**Records provided:**
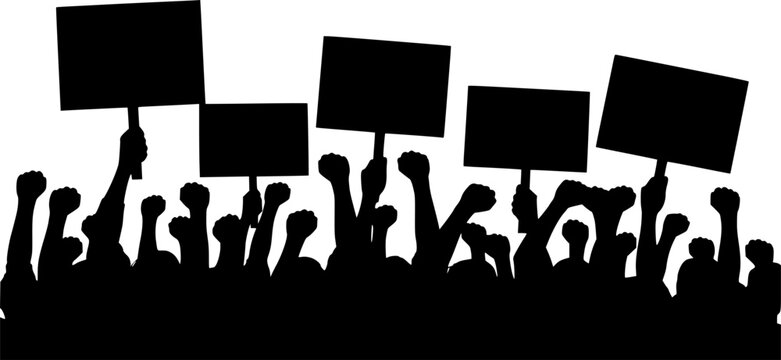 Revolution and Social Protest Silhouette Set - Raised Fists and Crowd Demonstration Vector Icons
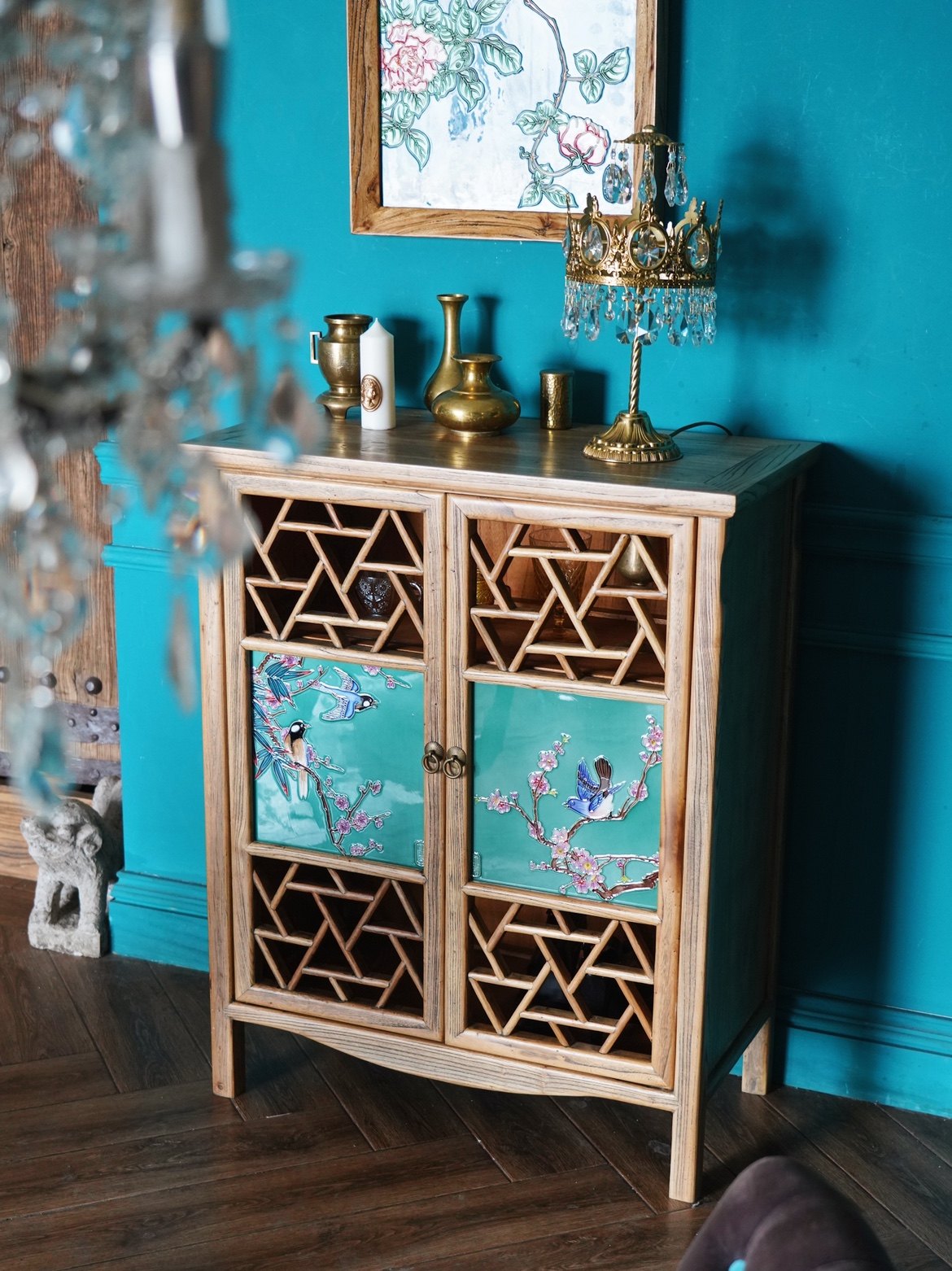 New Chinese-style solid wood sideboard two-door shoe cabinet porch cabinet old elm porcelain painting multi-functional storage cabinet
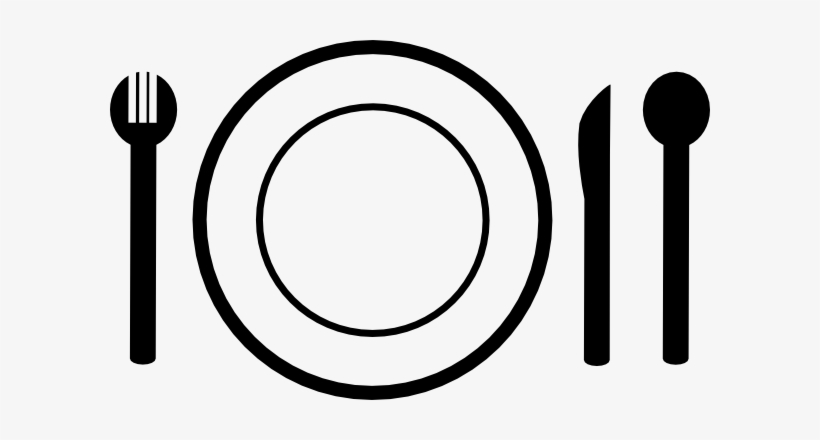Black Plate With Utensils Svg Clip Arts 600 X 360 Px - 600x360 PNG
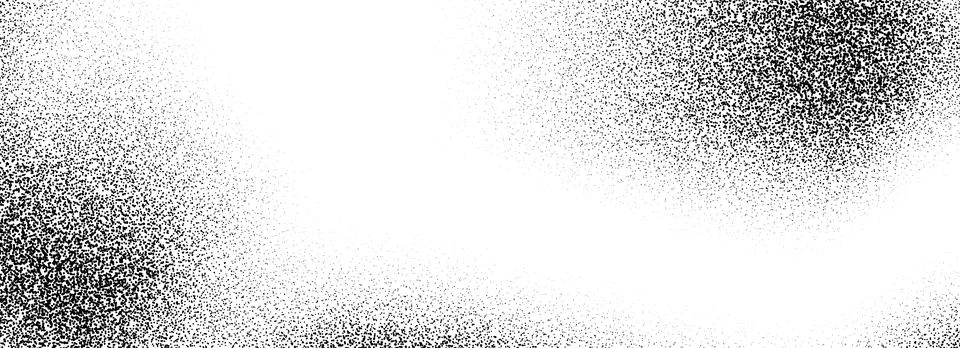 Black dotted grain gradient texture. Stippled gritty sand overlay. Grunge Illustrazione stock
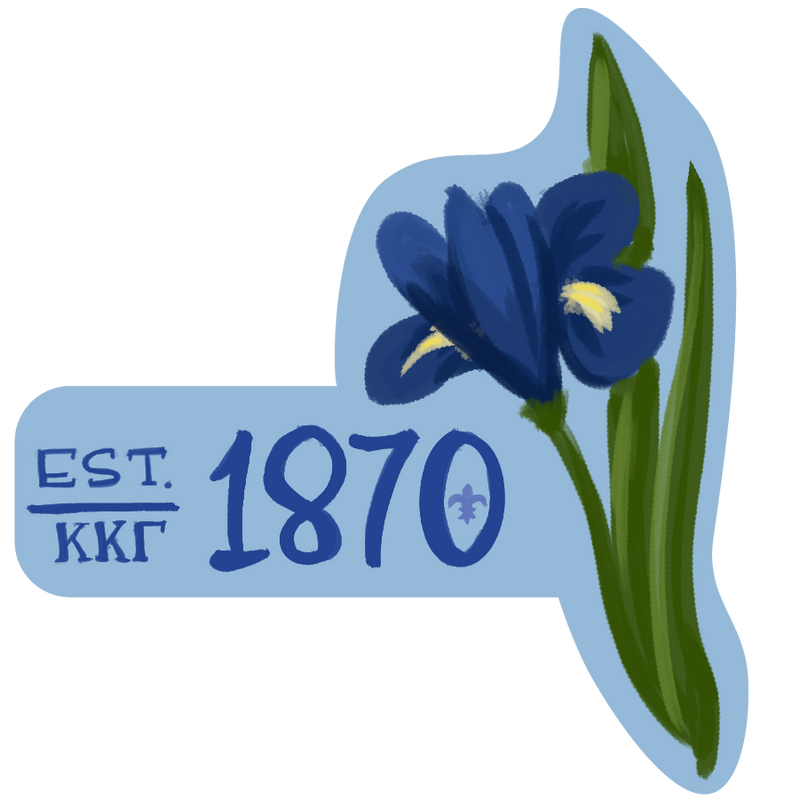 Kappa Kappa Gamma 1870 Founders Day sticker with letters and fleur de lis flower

**Exercise goal:**
Copy the entries exactly. Leave the pictures out.

**Solution to the problem:**
 Revolution and Social Protest Silhouette Set - Raised Fists and Crowd Demonstration Vector Icons
 New Chinese-style solid wood sideboard two-door shoe cabinet porch cabinet old elm porcelain painting multi-functional storage cabinet
Black Plate With Utensils Svg Clip Arts 600 X 360 Px - 600x360 PNG
 Black dotted grain gradient texture. Stippled gritty sand overlay. Grunge Illustrazione stock
 Kappa Kappa Gamma 1870 Founders Day sticker with letters and fleur de lis flower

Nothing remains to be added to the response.